Breast feeding is always best when possible. It builds a child's immune system, and it's the perfect milk for a baby. With that being said, when I had my oldest daughter I tried to breast feed, but we ended up on formula. I was uncomfortable with it. I'd never seen anyone breast feed a child before. My mom thought it was the most disgusting thing she'd ever seen. My last three were all breast fed, the second and third went on formula after five months. My milk supply wasn't strong and dried up. I just wasn't able to nurse for long. I had supplemented each of them with a bottle. When baby number four came I nursed her with absolutely no supplement, and we made it to her first birthday. I've read the first year is important for breast feeding. 

The only time I'd be concerned about the baby not getting enough is if he is losing weight. I always worried about it, but my children were growing and healthy. My doctor always told me as long as they were growing not to worry. Babies go through growth spurts and often need to nurse more. My last child woke up through the night a lot during the whole first year. My formula fed babies did too. I never noticed much of a difference. 

I've been all over the place with breast feeding and formula. Everyone has a different answer to this type of question. I've known women who didn't breast feed at all, and I've known women who breast fed their child until they were four years of age.

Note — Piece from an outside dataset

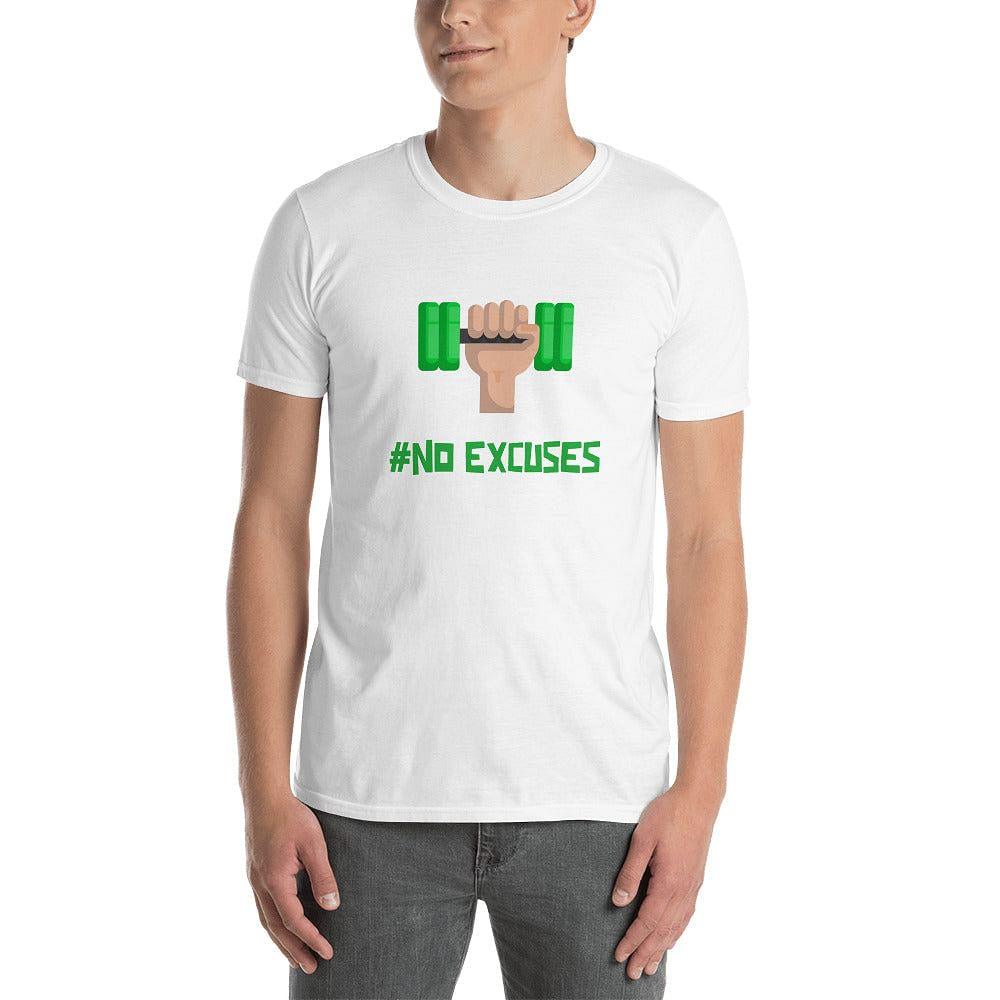 no excuses men's t-shirt - mo.be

I really believe it is a personal decision.


----------



## xirtam (Aug 29, 2013)

Thank you, Mindy.

I would like to stick with breast feeding, because I think he is growing rather well. The tension comes in when it seems as though he wakes up every other hour and nothing is working, so the "simple" solution seems to be to give him a bottle. But I think, as you said, no matter if you are breast feeding or giving formula, your child will wake up when you want sleep. We are all adjusting, but I think I better do a better job with helping and encouraging mama that she is doing a good job and for her to not give up.

Thank you again.

In Christ,


----------



## Mindaboo (Aug 29, 2013)

How old is your baby? I think it's wise to encourage mama to keep going. Support is essential, especially if she's not sure of herself. If the baby is growing I wouldn't stress about it.


----------



## RamistThomist (Aug 29, 2013)

A lot depends on the first few weeks with the child. If the mother takes ill or...other circumstances...happen, b-feeding simply might not be an option.


----------



## DeniseM (Aug 29, 2013)

Breast feeding also helps the baby develop a healthy digestive system. This can help prevent allergies and other health problems later when the child is older. With our first child, I stopped breast feeding at about six weeks, and he is the one that ended up with food allergies, eczema and asthma. With the other children, I continued breast feeding until they were around a year old or until they weaned themselves and the only one with any problems(a milk allergy) is the one that had to be in the NICU when he was first born and was given two different IV antibiotics throughout the duration of his first week of life. Antibiotics can mess up the digestive system, and if you mess up the digestive system other problems are sure to follow.


----------



## Miss Marple (Aug 29, 2013)

If he is waking up every hour, it is possible the problem is confusion between formula and breast feeding.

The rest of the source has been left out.